A small beginning might come if we stopped the cant that pervades so much of our discourse. The media have no trouble satirizing intellectuals who appear to see all things through the narrow chinks of our academic cavern. An especially dismal aspect of our professional writing today is its ineffectual angelism, our jargon of moral, social, and political action. It is widespread. But to be "transgressive" in a PMLA or CI article - that word has grown legions - is surely not something devoutly to be wished. It is a common move in our rhetoric of displacement, the treason of the intellectuals, the sign of a transgression that has no referent, not even an intramural one. The worst of such writing, for the humanities scholar anyhow, is its abuse of the language we have sworn to preserve and protect.
To begin with such a practical self-criticism would make a real difference in the way we execute our scholarship. It would work to overthrow the "cant political, cant moral, and cant poetical" - as Byron called it in his day - that pervades our intramural journals.
But scholars, especially humanities scholars, face another set of problems and obligations - perhaps even more serious, certainly much less tractable. To expose them clearly I shall revisit the crisis in the humanities from a slightly different perspective. Next to CI's apprehensions about the state of Critical Theory let us set Stephen Greenblatt's pragmatic worry about "The Crisis in Tenure and Publishing." Let us set our inner standing-point at the level of the base this time, not the superstructure.

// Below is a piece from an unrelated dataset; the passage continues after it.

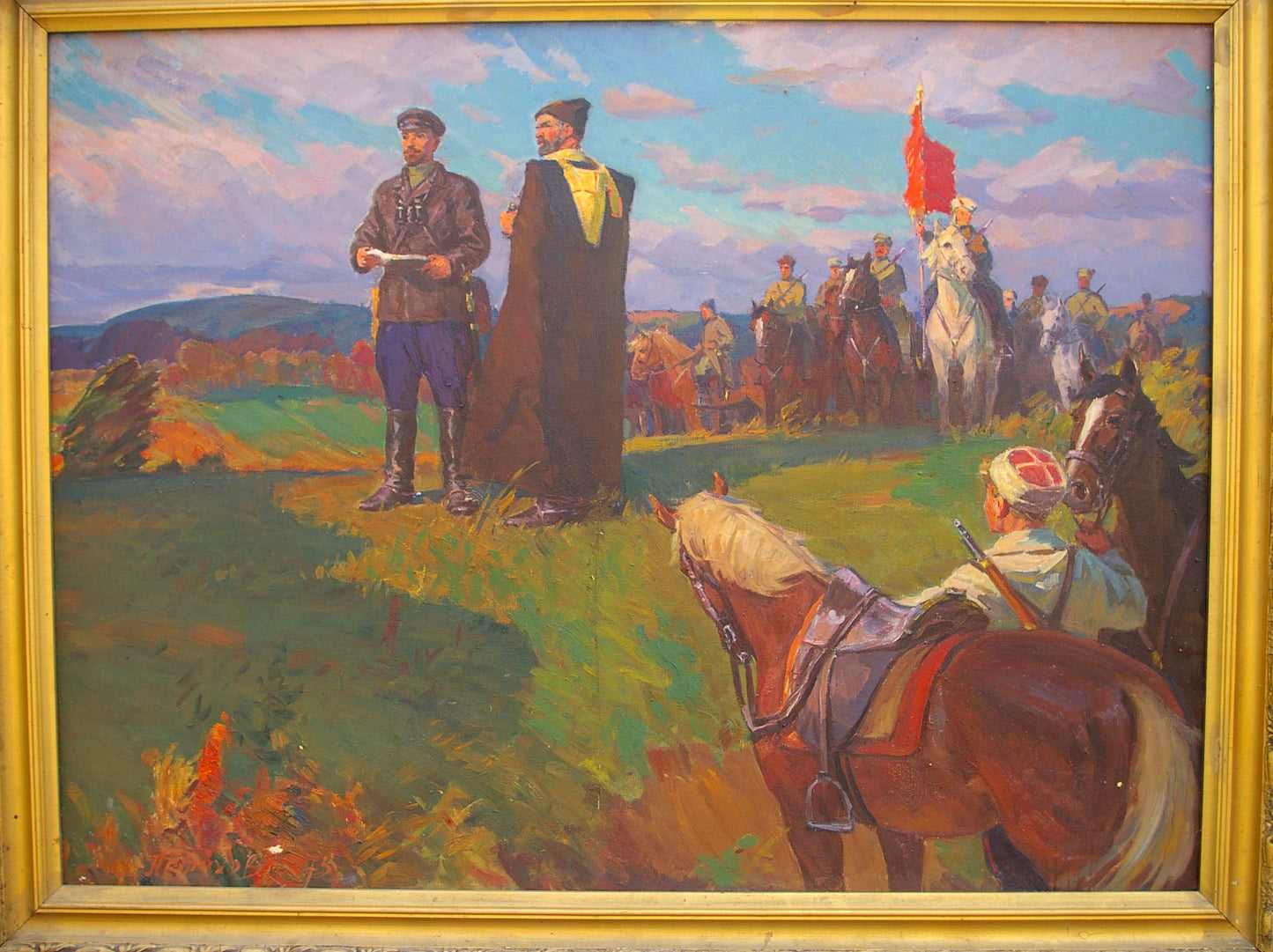 Framed oil painting of Shchors and Bozhenko by Petukhov Vasily Afanasevich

We'll begin with a fact of great concern to scholars: most university presses are running at increasingly sharp deficits. Given the current model of academic publishing, this trend will not be reversed, as everyone inside the university publishing network knows. We scholars are producing larger and larger amounts of scholarship and passing it to a delivery system with diminishing capacities to sustain its publication. As an editor of a monograph series, the Virginia Victorian Studies, I have seen how this pressure alters what a university press is prepared to undertake. The notorious stigma that has grown up recently against "single-author studies" is only one sign of the difficulty.
But that is to speak only of book publication. We should be aware that a parallel problem, every bit as acute, exists for periodical publication, where a similar dysfunction can be observed. In each of these cases the university library has become almost the only reliable purchaser of scholarly books and periodicals; and every year, as we know, library funds for such materials get cut further.
Many also realize that online scholarly publication is the natural and inevitable response to this general problem of scholarly and educational communication. How to bring about the transition to online publication is the $64,000 question. And it's not the technology that makes the problem so difficult, as the examples of online journal publication, JSTOR and Project Muse, demonstrate. The Jordan will not be crossed until scholars and educators are prepared not simply to access archived materials online - which is increasingly done - but to publish and to peer-review online, to carry out the major part of our productive educational work in digital forms.
The institutional resistance to such a major change in scholarly work behaviors is widespread, deep, and entirely understandable. It is not in the short-term (immediate) interest of scholars or their institutions to make a transition to digital work. The upfront costs are high, the learning curve is steep. Most telling of all, the design of the in-place paper-based system has the sophistication and clear strengths that come from hundreds of years of practical use. With rare exceptions, established scholars have the least practical involvement with information technology. This too is understandable. The known scholar can still, usually, get his or her work published in the usual paper-based ways precisely because they are known, if diminished, quantities.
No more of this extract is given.